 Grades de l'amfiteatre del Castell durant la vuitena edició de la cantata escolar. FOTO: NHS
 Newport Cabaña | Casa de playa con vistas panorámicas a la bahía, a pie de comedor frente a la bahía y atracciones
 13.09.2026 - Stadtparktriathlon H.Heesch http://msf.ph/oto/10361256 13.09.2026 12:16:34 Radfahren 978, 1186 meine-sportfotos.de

● ● ●

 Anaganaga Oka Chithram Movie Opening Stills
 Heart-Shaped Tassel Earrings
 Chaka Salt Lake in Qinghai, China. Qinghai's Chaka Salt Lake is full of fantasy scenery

● ● ●

-- What is expected --
Return only the stretch of the material above from the line holding "Newport Cabaña |" through the line holding "13.09.2026 - Stadtparktriathlon", copied exactly.

-- The completed task --
 Newport Cabaña | Casa de playa con vistas panorámicas a la bahía, a pie de comedor frente a la bahía y atracciones
 13.09.2026 - Stadtparktriathlon H.Heesch http://msf.ph/oto/10361256 13.09.2026 12:16:34 Radfahren 978, 1186 meine-sportfotos.de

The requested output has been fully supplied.